Anyway, that ain't what I wanted to talk to you about anyway. It's about those plastic bottles everywhere. Can you believe you actually BUY water to drink because it's supposed to be healthy for you, and you drink it out of a plastic bottle (how long has it been sittin' in there in some dark warehouse in Waukegan?????), take it home in a paper bag no doubt, and then you probably just toss it in the garbage so it goes into the landfill where there used to be trees? Or maybe one of those polyextruded "green" bags. (green die #3) (and yes, pun intended)
This is the thing: There is a little code that the bottling industry is required to put on the bottle that defines what kind of plastic it is. There are seven codes in the plastics industry. Read about them here: http://en.wikipedia.org/wiki/Resin_identification_code.
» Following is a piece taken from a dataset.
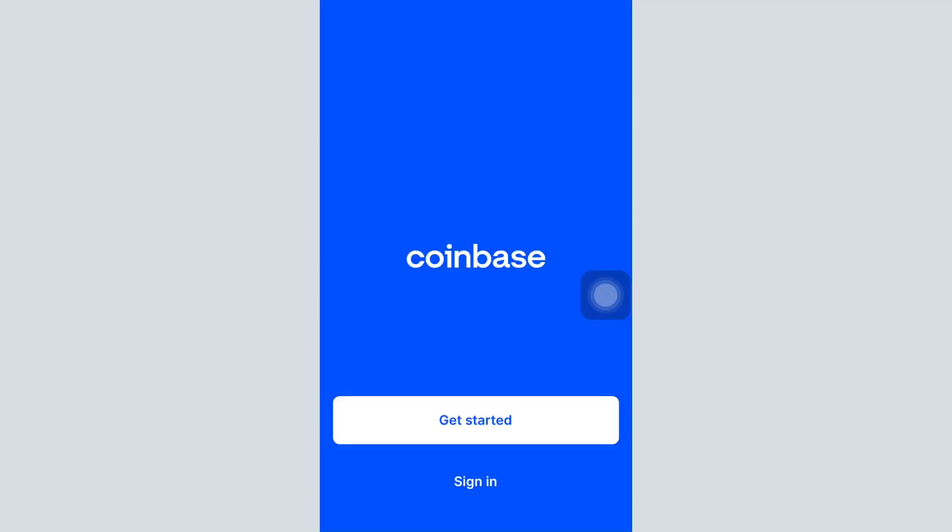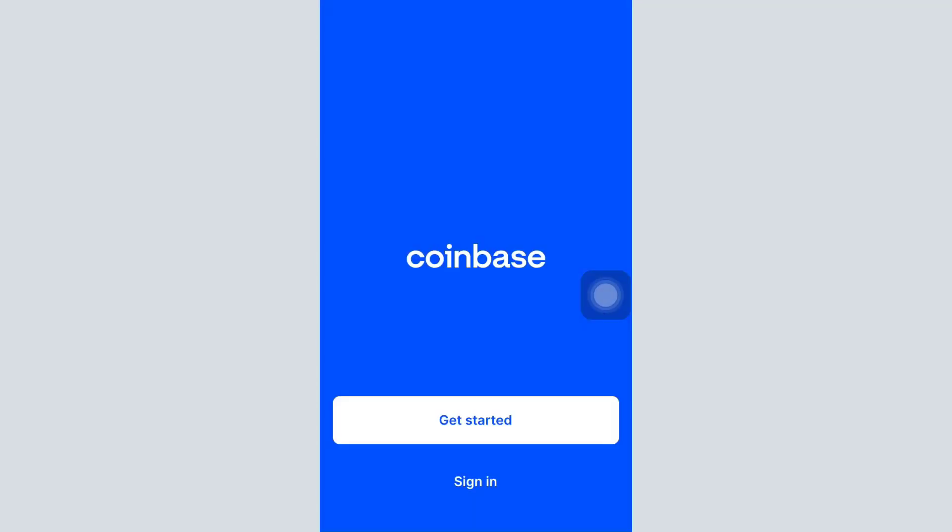If already downloaded, open up the app. As soon as you open up the app you will land on an interface that says 'Get Started' or 'Sign In'. Since you're trying to log into your account, tap on the Sign In button.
The thing is, the bottling industry knows that recycling plastic is a bad thing, but it had to pay a lot of money to a lot of senators and congresspersons to ease up on the requirements of letting us know about recycling. The bottlers said "look, we don't need everyone sending our old plastic bottles back to us, because it's more profitable to make new ones, and not have to deal with old used ones, and if we have to deal with old used ones, that will raise the price of new ones, and cut into our profit margins, and that means we'll have less money to donate to your campaign next year!" So the government said "okay, just put some little thingie on there somewhere so's we can say it's there and we did our job (by the people for the people), and then pass me the envelope. No, no, no - under the table, you idiot!! "
So, on the bottom of the plastic bottle, in a tiny little triangle the same color as the plastic bottle, is a number in the same color that indicates which of the seven plastic types the bottle (or other plastic packaging, just to be clear here) belongs to. And it's just oh so slightly embossed. And in my advanced age, I can't read it, even with two pair of my reading glasses on. What with it being embossed like it is, the best bet I can think of is to get a blind person to read it for me. And as hard as that would be for me (I don't really know any blind people), I can only assume that in fact I'm not supposed to be able to read it, because in fact recycling is bad for the planet. Otherwise, the bottling industry would have put it on the label, in brightly colored large-type font just like "Lemon flavored" (not that it has lemon in it, mind you, just some polyextruded flavoring added). Then you'd know it was a good thing to recycle.
So, just go to the store, buy your plastic bottle of water, bring it home in an extruded polymer bag, and when you're finished with it, do what everyone else does: throw it out the window of your H3 as you run me off the road. And don't worry. I've snapped your license plate, and will be posting a picture of it shortly.